The cheat code: ship the eval suite as part of the PRD

This is the part that compounds. When you submit the PRD for review, attach the 10-row preview of your eval suite. Reviewers can read a single row and immediately understand the bar you are holding the feature to. The PRD becomes 3x more credible. The eval suite becomes a forcing function for you to actually think about what "working" means, not just describe the feature.

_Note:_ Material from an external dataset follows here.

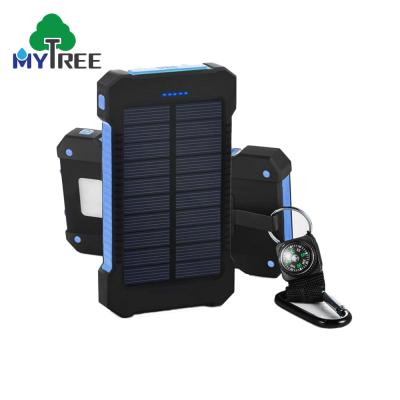 China 12v 48v Cell Phone Solar Power Case Battery Circuit Cover Led Torch Light Mobile Solar Phone Charger 10000mah Charging Station For Iphone for sale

This is what differentiates AI PMs at the offer-stage interview. The interviewer asks "how would you measure success?" The candidate with an eval-suite habit pulls up a 10-row preview and says "here is how I would score it, here is the pass rate target, here is how I would rerun." The interview is over.

TL;DR

  • An eval suite is the regression test for a non-deterministic system. Without it, every change is faith.
  • The MVP format is 50 rows, 5 columns: id, input, expected_category, actual_output, pass_fail.
  • The 50 rows are a mix: 20 happy, 15 edge, 10 adversarial, 5 empty/malformed.
  • Score binary first (pass/fail), only move to gradient when the binary scoring is genuinely ambiguous and the ambiguity matters.
  • LLM-as-judge works but needs calibration against 30 hand-scored rows, position randomization, and verbosity-bias control.
  • Rerun on every prompt change, every model change, and every two weeks regardless. Build the suite once and never rerun = busywork.
  • Eval suite ≠ production monitor. Build the suite first; the monitor comes 2-4 weeks after launch.
  • The cheat code: attach a 10-row preview of the suite to the PRD. Reviewers (and interviewers) immediately get it.

In ShipSet Lesson 33 ("Build a 50-row eval set for your feature") you build the suite for the AI feature you are shipping. By Day 90, your portfolio includes the full eval suite as one of the 10 artifacts. It is the single most credible piece of evidence in an AI PM interview.

If you are reading this and have not started: open a Google Sheet, write the five column headers, and put in 5 rows for your feature right now. The other 45 will follow once the format is in front of you.